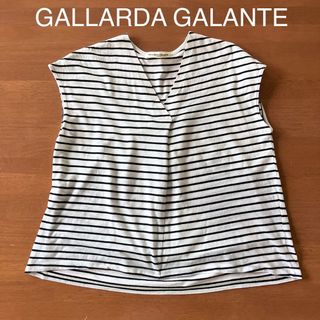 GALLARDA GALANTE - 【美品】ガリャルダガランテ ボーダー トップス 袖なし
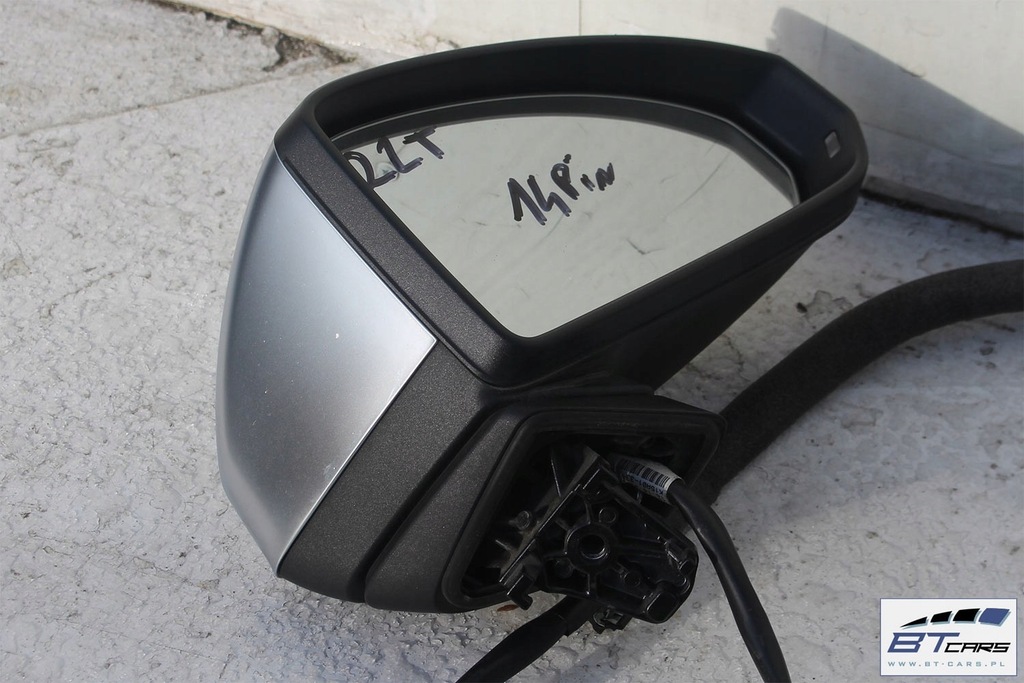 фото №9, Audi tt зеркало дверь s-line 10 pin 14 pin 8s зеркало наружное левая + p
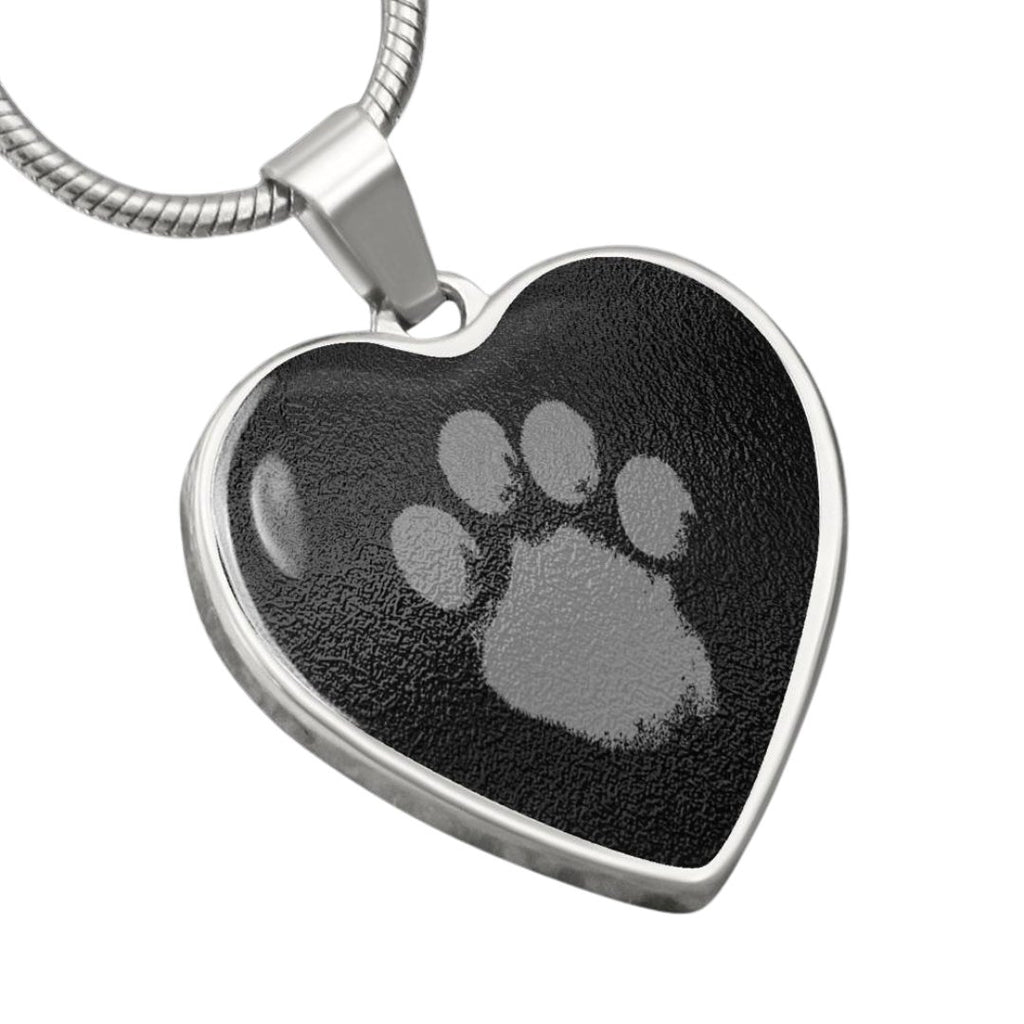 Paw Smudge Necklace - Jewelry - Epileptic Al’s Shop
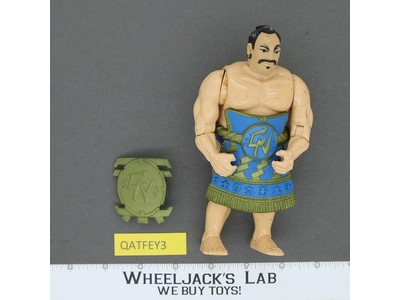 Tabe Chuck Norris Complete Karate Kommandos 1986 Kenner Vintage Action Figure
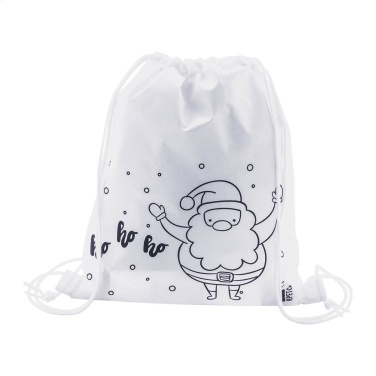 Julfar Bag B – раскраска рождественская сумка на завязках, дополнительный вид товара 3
☆ ☆ ☆ ☆ ☆
_Activity_
Reproduce the listing exactly, but keep its images out of the copy.

_Task result_
 GALLARDA GALANTE - 【美品】ガリャルダガランテ ボーダー トップス 袖なし
 фото №9, Audi tt зеркало дверь s-line 10 pin 14 pin 8s зеркало наружное левая + p
 Paw Smudge Necklace - Jewelry - Epileptic Al’s Shop
 Tabe Chuck Norris Complete Karate Kommandos 1986 Kenner Vintage Action Figure
 Julfar Bag B – раскраска рождественская сумка на завязках, дополнительный вид товара 3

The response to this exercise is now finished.